Published: 10 April 2002 16:45 BST
It's not easy being BT. One minute they're a bunch of incompetent fools who are threatening to turn the UK into a Third World country with their dithering and dissimulation.
Next minute they're just too damn good, stomping on the delicate flowers of competition and private enterprise with a Soviet-era zeal for state monopoly provision.
The queue of companies lining up to have a go at BT for one kind of monopolistic behaviour or other is getting quite long - Bulldog Communications, Freeserve and Cable and Wireless have already put a public boot into the beloved incumbent and more are sure to come.

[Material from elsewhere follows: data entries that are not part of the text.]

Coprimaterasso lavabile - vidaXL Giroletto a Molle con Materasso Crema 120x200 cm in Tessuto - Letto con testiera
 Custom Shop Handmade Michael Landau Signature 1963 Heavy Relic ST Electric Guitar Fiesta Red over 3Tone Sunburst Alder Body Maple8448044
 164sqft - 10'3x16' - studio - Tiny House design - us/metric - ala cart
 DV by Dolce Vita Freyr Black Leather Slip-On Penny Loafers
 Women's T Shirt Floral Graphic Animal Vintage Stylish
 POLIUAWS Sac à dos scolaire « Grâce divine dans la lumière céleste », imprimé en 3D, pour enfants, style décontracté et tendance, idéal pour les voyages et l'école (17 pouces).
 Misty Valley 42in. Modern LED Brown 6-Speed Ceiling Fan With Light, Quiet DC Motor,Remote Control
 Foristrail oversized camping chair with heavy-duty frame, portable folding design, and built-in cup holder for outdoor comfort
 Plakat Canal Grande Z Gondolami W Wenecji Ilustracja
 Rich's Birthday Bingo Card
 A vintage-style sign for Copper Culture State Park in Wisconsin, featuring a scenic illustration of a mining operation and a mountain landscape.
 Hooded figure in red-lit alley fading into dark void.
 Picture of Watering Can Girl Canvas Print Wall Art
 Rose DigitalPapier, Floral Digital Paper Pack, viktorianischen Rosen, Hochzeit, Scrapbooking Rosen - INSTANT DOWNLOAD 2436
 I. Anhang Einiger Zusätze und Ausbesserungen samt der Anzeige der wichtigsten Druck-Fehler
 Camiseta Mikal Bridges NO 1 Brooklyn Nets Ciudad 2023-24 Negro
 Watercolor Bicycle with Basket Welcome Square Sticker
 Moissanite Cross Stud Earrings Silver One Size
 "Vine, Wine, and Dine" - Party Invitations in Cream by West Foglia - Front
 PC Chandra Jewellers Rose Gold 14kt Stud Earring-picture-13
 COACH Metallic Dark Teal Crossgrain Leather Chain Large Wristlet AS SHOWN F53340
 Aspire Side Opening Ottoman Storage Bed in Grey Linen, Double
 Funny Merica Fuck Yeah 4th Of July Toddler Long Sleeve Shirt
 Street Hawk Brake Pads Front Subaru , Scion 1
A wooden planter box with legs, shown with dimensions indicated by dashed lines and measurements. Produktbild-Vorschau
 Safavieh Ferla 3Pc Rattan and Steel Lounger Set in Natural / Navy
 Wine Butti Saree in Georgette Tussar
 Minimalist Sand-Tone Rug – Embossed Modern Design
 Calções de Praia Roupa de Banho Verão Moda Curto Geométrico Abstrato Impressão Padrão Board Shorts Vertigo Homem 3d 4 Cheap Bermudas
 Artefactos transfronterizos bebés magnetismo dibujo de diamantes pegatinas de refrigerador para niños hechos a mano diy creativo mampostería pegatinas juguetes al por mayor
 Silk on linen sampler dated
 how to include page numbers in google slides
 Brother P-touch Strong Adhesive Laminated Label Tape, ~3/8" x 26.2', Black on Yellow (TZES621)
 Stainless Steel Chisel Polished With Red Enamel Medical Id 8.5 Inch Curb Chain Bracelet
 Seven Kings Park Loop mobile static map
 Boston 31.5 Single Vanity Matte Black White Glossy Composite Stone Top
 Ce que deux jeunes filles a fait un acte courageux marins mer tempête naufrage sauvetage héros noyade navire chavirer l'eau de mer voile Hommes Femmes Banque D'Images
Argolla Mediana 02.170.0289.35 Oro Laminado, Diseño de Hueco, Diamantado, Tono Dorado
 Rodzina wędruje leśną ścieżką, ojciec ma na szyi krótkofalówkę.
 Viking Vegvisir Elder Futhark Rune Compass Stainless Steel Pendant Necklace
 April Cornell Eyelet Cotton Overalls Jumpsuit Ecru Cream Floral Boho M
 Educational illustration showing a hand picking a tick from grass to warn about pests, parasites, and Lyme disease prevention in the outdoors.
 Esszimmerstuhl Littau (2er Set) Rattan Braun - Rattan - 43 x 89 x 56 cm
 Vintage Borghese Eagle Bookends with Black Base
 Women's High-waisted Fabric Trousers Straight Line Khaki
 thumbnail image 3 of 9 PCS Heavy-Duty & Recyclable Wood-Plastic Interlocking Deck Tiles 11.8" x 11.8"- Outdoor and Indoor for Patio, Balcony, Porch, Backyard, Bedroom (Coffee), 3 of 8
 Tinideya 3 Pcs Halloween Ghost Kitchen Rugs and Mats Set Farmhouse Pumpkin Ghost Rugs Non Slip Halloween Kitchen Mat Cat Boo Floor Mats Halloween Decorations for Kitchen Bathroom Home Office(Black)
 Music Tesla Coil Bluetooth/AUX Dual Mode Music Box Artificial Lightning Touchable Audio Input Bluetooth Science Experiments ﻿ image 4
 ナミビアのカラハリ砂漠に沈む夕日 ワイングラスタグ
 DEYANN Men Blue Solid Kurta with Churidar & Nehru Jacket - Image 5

Yesterday they forced the access-focused ISPs to fundamentally re-evaluate their business models, if not take an early bath.
And today we get an announcement from BT that it's going to roll out 4,000 wireless hotspots across the UK - in essence killing a market months before the Radiocommunications Agency has even wished it into life.
OK, wireless LAN (802.11b) access isn't going to be the most sensational business in the world. BT reckons it might make £30m from it in the 2004/5 financial year.
But in the US, this is an area that belongs to start-ups with cute names like Boingo and MobileStar. But who now will compete with BT, which has the infrastructure to roll the service out almost for free, and has customers, a brand name and a big head start? No one, that's who.
Should we care? If the service gets rolled out quickly, that's all that matters. Isn't it?
Well, BT is concentrating on the corporate market. Easier to sell to, nice big accounts, not too price sensitive. So what about the consumers? Or small businesses and sole traders? Well, in a monopoly situation, they can all go hang.
The BT high-up that silicon.com put this question to seemed rather irritated to be asked about the fate of Joe Public in BT's new wireless world.